Tommy Tiernan Show recap: ‘The nation holds its breath’ - George Hamilton on that Italia ‘90 moment

Broadcaster George Hamilton spoke to Tommy Tiernan about his favourite sporting moments and his famous quote from the Italia '90 quarter finals. Photo: RTE One/Instagram.
On Saturday night, the Tommy Tiernan Show explored adoption and the importance of family, reminisced on Ireland's Italia ‘90 quarter-final penalty shootout with Romania, and how art is a lifeline for one well-known Irish singer.
Tiernan’s guests included mother-son duo Emer Halpenny and Brian Daly, broadcaster George Hamilton and singer-songwriter Lisa O’Neill.
First up for a chat with Tiernan were mother-son duo Emer Halpenny and Brian Daly who explained that they had reconnected recently after Halpenny gave her son up for adoption in 1988.
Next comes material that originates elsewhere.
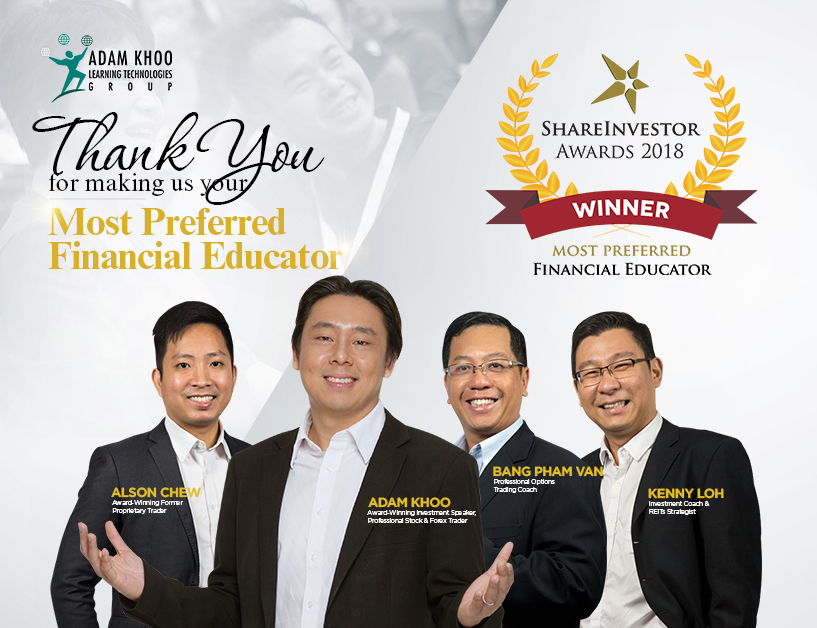 AKLTG Named “Most Preferred Financial Educator” for the 5th Time at ShareInvestor Awards AKLTG Named “Most Preferred Financial Educator” for the 5th Time at ShareInvestor Awards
Halpenny said Daly’s father had removed himself from the equation and that while she had her family, she was otherwise very much on her own at that time in her life.
She said that after Daly was initially taken in by a foster family for eight or nine weeks, that there came a point where she decided she would keep him.
She said she would visit him every week while he was with his foster family and that when she visited for the final time with the intention of keeping him, there was an inner knowing that she was not supposed to be his mother.
“It was like going against a force of nature and I put him down and I walked away,” she said.
She said that while it was her choice and that she believed she was doing the right thing at the time, that she never forgot about her son and would cry herself to sleep around the time of his Birthday each year.
“There was always that pain,” she said.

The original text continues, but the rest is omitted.